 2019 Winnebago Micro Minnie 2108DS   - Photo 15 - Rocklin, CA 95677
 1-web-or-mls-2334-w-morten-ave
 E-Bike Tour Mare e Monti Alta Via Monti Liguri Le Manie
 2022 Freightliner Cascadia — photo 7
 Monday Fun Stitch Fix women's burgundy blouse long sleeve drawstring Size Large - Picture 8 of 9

|---|

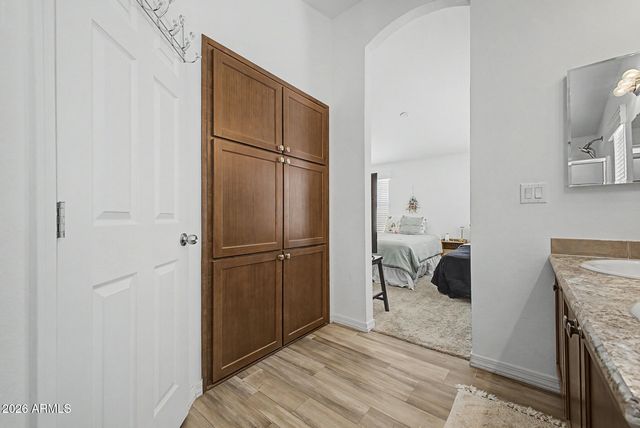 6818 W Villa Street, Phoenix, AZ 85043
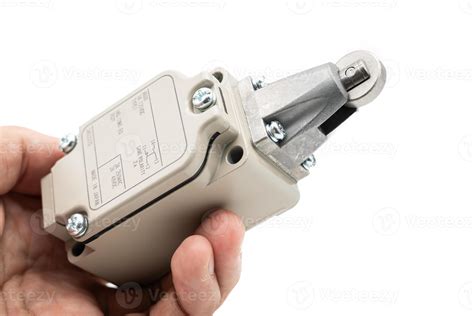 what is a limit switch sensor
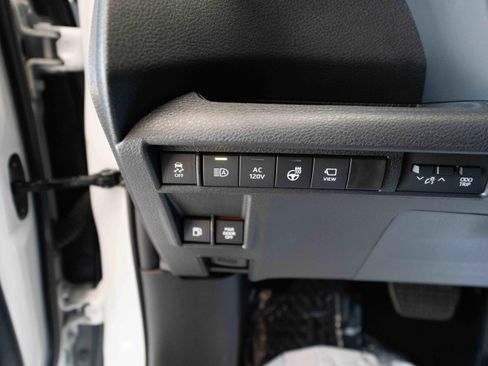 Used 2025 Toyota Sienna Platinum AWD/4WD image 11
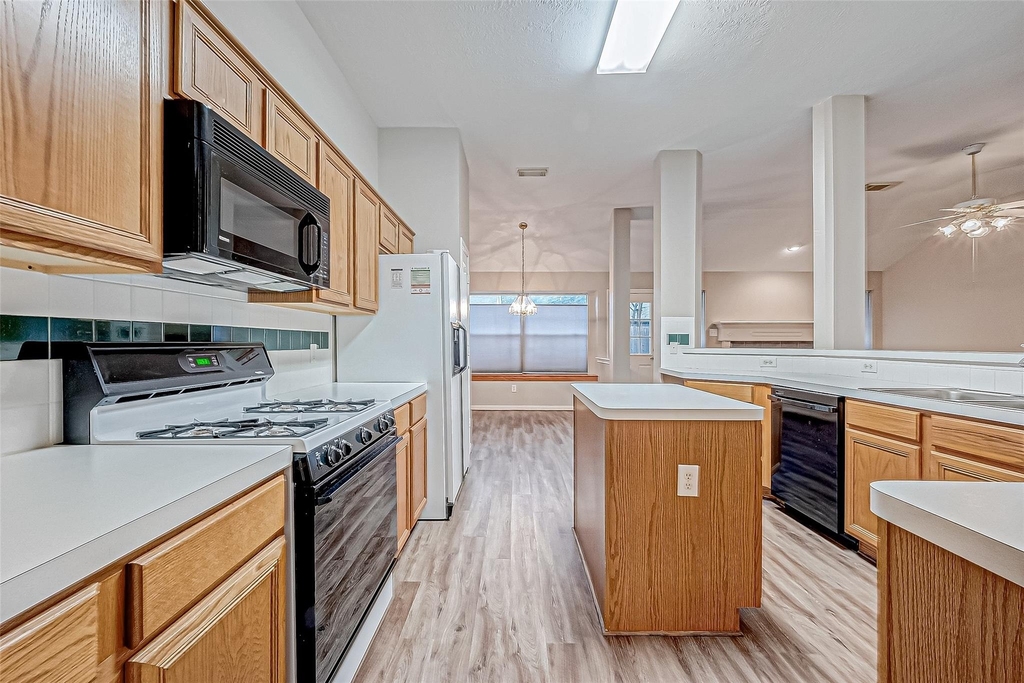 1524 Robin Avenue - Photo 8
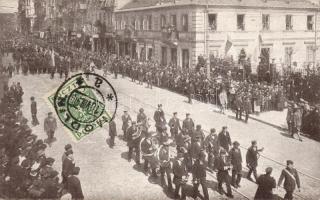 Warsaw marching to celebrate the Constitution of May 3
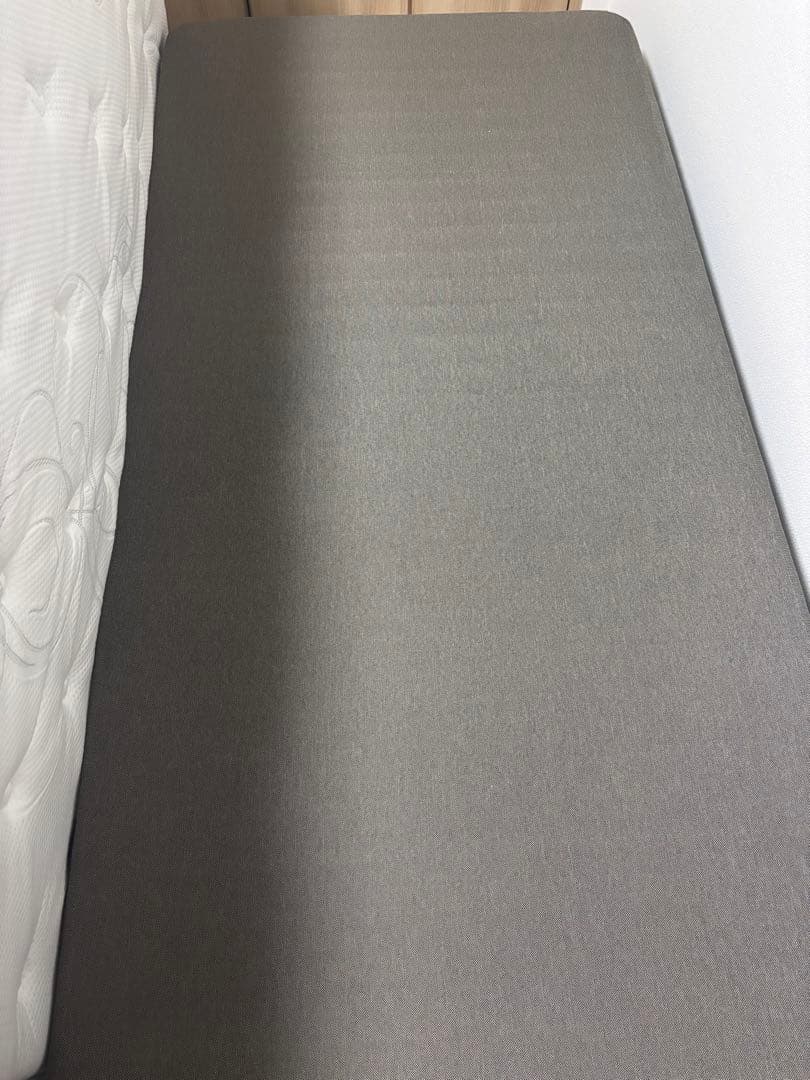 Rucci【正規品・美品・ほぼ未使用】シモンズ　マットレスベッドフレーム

|---|

Problem requirements: All that is needed is the exact run of lines above from the line containing "2019 Winnebago Micro" through the line containing "Monday Fun Stitch", both of them included.

Output below:
 2019 Winnebago Micro Minnie 2108DS   - Photo 15 - Rocklin, CA 95677
 1-web-or-mls-2334-w-morten-ave
 E-Bike Tour Mare e Monti Alta Via Monti Liguri Le Manie
 2022 Freightliner Cascadia — photo 7
 Monday Fun Stitch Fix women's burgundy blouse long sleeve drawstring Size Large - Picture 8 of 9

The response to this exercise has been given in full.